This post will demonstrate autoscaling in Azure virtual machines.
While I spend most of my time working with PaaS (platform as a service) components of Azure such as Cloud Services and Websites, I frequently need to help customers with solutions that require IaaS (infrastructure as a service) virtual machines. A topic that comes up very regularly in both of those conversations is how autoscaling works.
The short version is that you have to pre-provision virtual machines, and autoscale turns them on or off according to the rules you specify. One of those rules might be queue length, enabling you to build a highly scalable solution that provides cloud elasticity.
Autoscaling Virtual Machines
Let’s look at autoscaling virtual machines. To autoscale a virtual machine, you need to pre-provision the number of VMs and add them to an availability set. Using the Azure Management Portal to create the VM, I choose a Windows Server 2012 R2 Datacenter image and provide the name, size, and credentials.
The next page allows me to specify the cloud service, region or VNet, storage account, and an availability set. If I don’t already have an availability set, I can create one. I already created one called “AVSet”, so I add the new VM to the existing availability set.
Finally add the extensions required for your VM and click OK to create the VM. Make sure to enable the VM Agent, we’ll use that later.
You can see that I’ve created 5 virtual machines.
I’ve forgotten to place VM2 in the availability set. No problem, I can go to it’s configuration and add it to the availability set.
This is the benefit of autoscaling and the cloud. I might use the virtual machine for a stateless web application where it’s unlikely that I need all 5 virtual machines running constantly.
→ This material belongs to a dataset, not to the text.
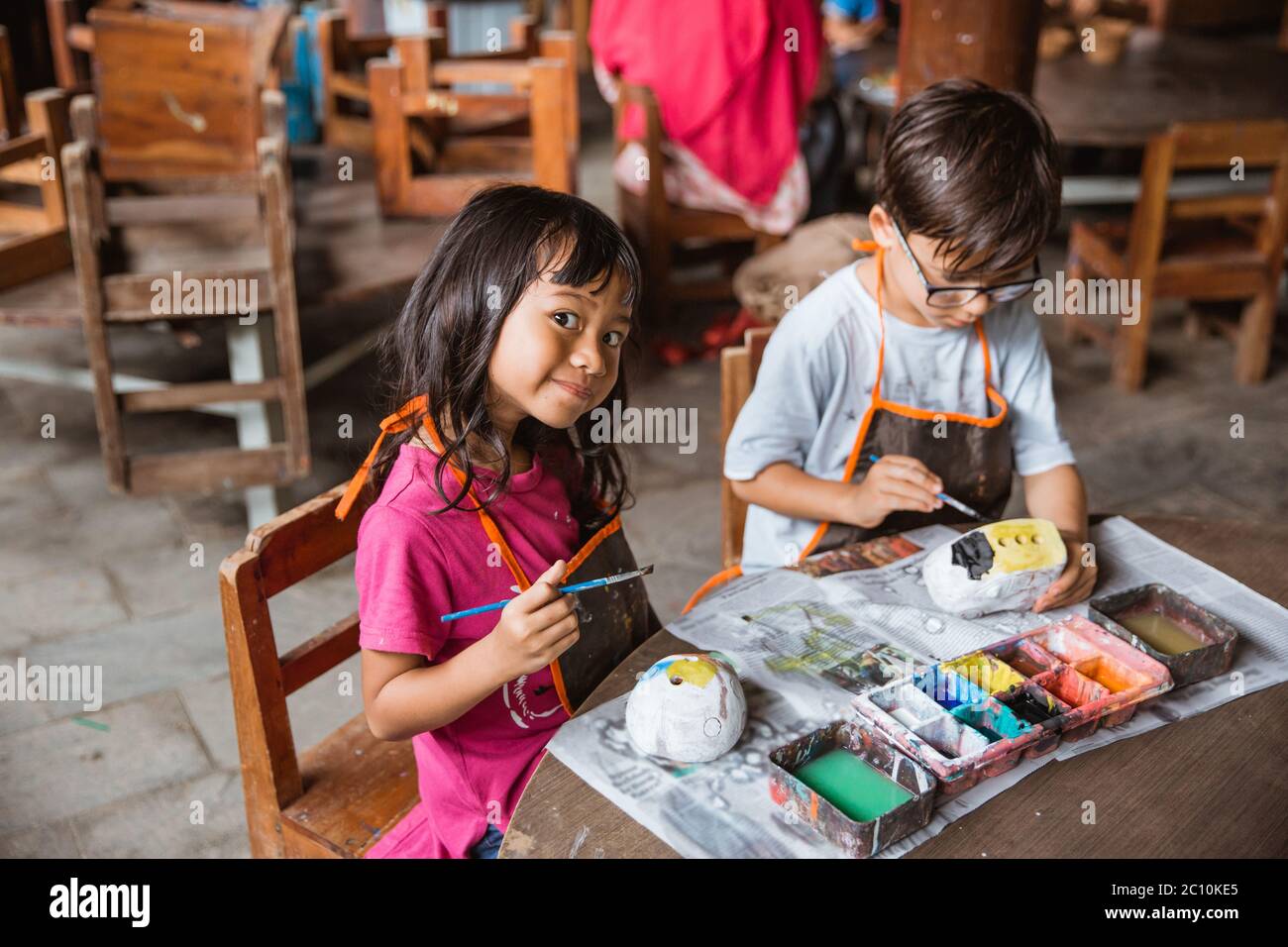 little girl smiles looking at the camera while painting handicrafts in ...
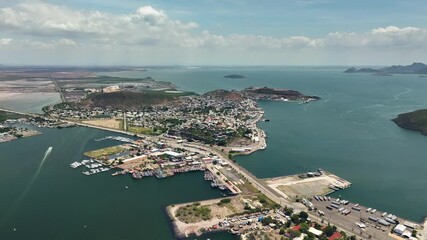 Drone flying backwards over the Topolobampo village, sunny day in Sinaloa, Mexico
If I were running this on-premises, I would typically just leave them running, consuming resources that I don’t actually utilize (overprovisioned). I can reduce my cost by running them in the cloud and only utilize the resources that I need when I need them. Autoscale for virtual machines simply turns some of the VMs on or off depending on rules that I specify.
To show this. let’s configure autoscale for my availability set. Once VM5 is in the Running state, I go to the Cloud Services tool in the portal and then navigate to my cloud service’s dashboard. On the dashboard I will see a section for autoscale status:
It says that it can save up to 60% by configuring autoscale. Click the link to configure autoscale. This is the most typical demo that you’ll see, scaling by CPU. In this screenshot, I’ve configured autoscale to start at 1 instance. The target CPU range is between 60% and 80%. If it exceeds that range, then we’ll scale up 2 more instances and then wait 20 minutes for the next action. If the target is less than that range, we’ll scale down by 1 instance and wait 20 minutes.
Easy enough to understand. A lesser known but incredibly cool pattern is scaling by queues. In a previous post, I wrote about Solving a throttling problem with Azure where I used a queue-centric work pattern. Notice the Scale by Metric option provides Queue as an option:
That means we can scale based on how many messages are waiting in the queue. If the messages are increasing, then our application is not able to process them fast enough, thus we need more capacity. Once the number of messages levels off, we don’t need the additional capacity, so we can turn the VMs off until they are needed again.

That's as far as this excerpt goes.